Microsoft sees ethics as an aspect of AI the industry needs to address. Michael Philips, assistant general counsel at Microsoft, said: “We don’t debate so much about can computers achieve these things. The real question is, should they?”

Microsoft has an AI and Ethics in Engineering and Research (AETHER) Committee. “The technology is out there and it is moving very quickly,” said Philips. “Some fantastic things have happened at the EU and in Singapore. But there is a real gap still between these concepts and getting to a framework and then translating to actual practices.”

Microsoft, and others including Google, are “calling for policy makers to become more engaged”. Regulation will be focused on sector-specific applications such as facial recognition, he said.

“There are calls to put a moratorium on the technology.
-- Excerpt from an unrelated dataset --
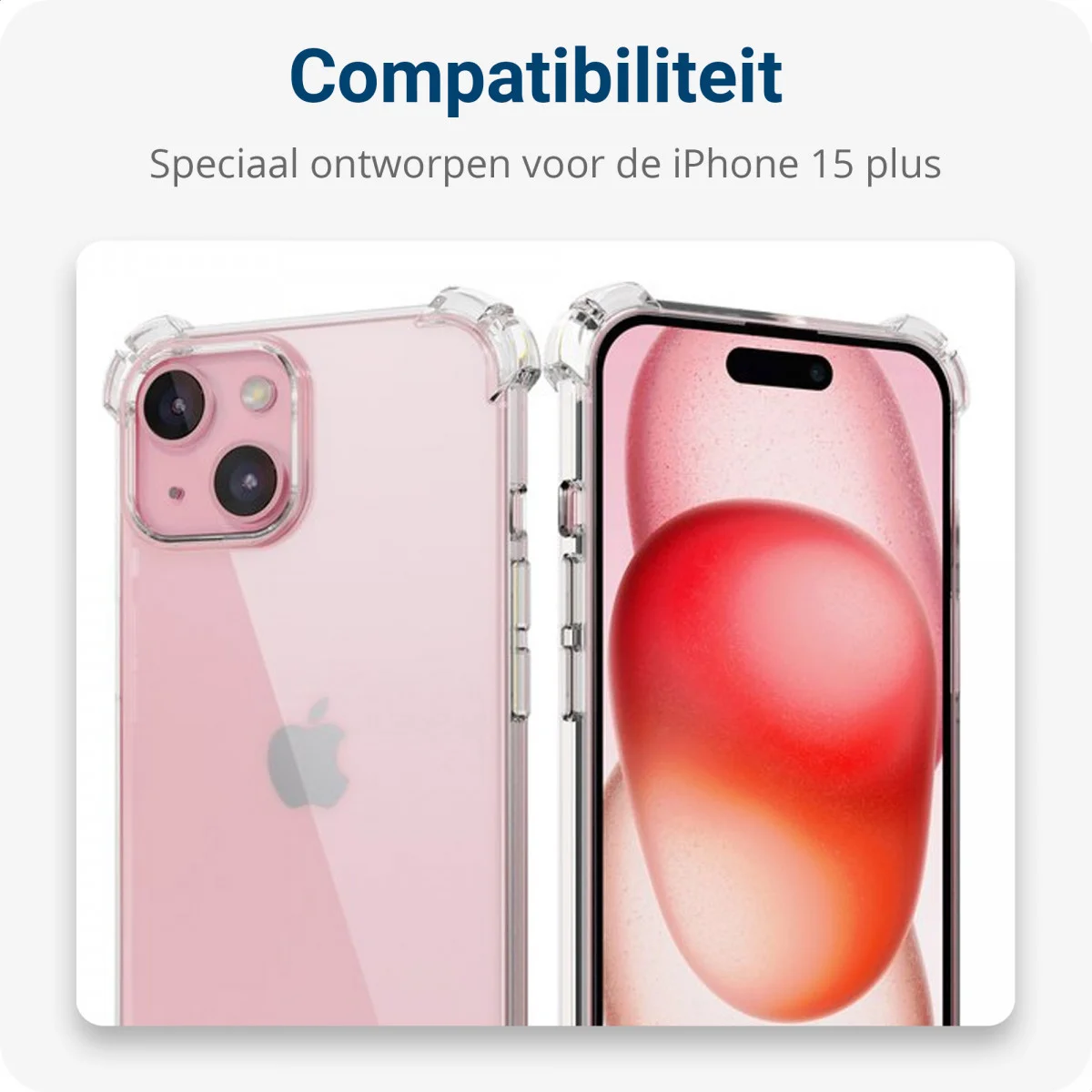 Apple iPhone 15 Plus Hoesje met Koord Schokbestendig TPU Transparant afbeelding 4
We hear the concerns, but the promise of the technology is so significant that just putting it on ice really isn’t the way to get through the issues.”

A history of extrapolating developer complexity

Microsoft’s developer platform used to be characterised by end-to-end Windows, .net and SQL Server. But the world of machine learning and AI is dominated by open source. This is something the company now embraces.

“Our focus is on how do we build powerful composable pieces that can be used independently and that embrace open protocols, whether it’s HDFS [Hadoop Distributed File System], whether it’s Spark, PyTorch or TensorFlow, Python, and the rich variety of open source. So customers have maximum flexibility,” said Guthrie.

These tools are challenging for organisations without data science skills, so the company also provides pre-built AI services. Azure Cognitive Services packages AI in the fields of vision, knowledge analysis, speech, language, anomaly detection and finally search, making it possible for non-specialist developers to build AI solutions.

Democratisation of technology.

“If you look back at Microsoft’s history, that’s always been our approach. Once, building anything with a UI was super hard. Then Visual Studio and Visual Basic came along and changed it,” said Guthrie.

Given Guthrie’s background and Microsoft’s track record in the developer community, from an AI-perspective, it is more evidence that under CEO Satya Nadella the company is becoming less interested in consumer technology.